In a briefing on Monday, research leaders across tech, academia and the government joined the White House to announce an open data set full of scientific literature on the novel coronavirus. The COVID-19 Open Research Dataset, known as CORD-19, will also add relevant new research moving forward, compiling it into one centralized hub. The new data set is machine readable, making it easily parsed for machine learning purposes — a key advantage according to researchers involved in the ambitious project.

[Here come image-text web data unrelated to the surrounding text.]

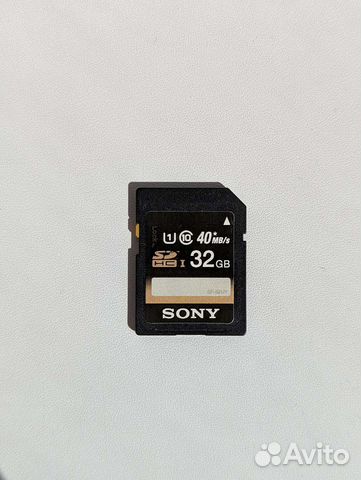 Карта памяти sdhc Sony 32 gb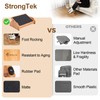StrongTek Ergonomic Rocking Foot Rest for Under Desk, Adjustable Foot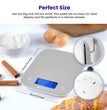 Food Kitchen Scale, Digital Weight Grams and Oz for Cooking, Baking, Meal Prep, and Diet, Medium, Gray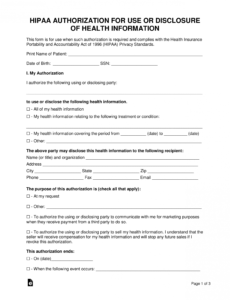 free free medical records release authorization form  hipaa mental health release of information form template example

In a press conference, U.S. CTO Michael Kratsios called the new data set the “most extensive collection of machine readable coronavirus literature to date.” Kratsios characterized the project as a “call to action” for the AI community, which can employ machine learning techniques to surface unique insights in the body of data. To come up with guidance for researchers combing through the data, the National Academies of Sciences, Engineering, and Medicine collaborated with the World Health Organization to come up with “high priority” questions about the coronavirus related to genetics, incubation, treatment, symptoms and prevention.
The partnership, announced today by the White House Office of Science and Technology Policy, brings together the Chan Zuckerberg Initiative, Microsoft Research, the Allen Institute for Artificial Intelligence, the National Institutes of Health’s National Library of Medicine, Georgetown University’s Center for Security and Emerging Technology, Cold Spring Harbor Laboratory and the Kaggle AI platform, owned by Google.

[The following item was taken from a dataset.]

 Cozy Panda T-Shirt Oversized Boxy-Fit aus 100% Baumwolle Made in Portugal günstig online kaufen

The database brings together nearly 30,000 scientific articles about the virus known as SARS-CoV-2. as well as related viruses in the broader coronavirus group. Around half of those articles make the full text available. Critically, the database will include pre-publication research from resources like medRxiv and bioRxiv, open access archives for pre-print health sciences and biology research.
“Sharing vital information across scientific and medical communities is key to accelerating our ability to respond to the coronavirus pandemic,” Chan Zuckerberg Initiative Head of Science Cori Bargmann said of the project.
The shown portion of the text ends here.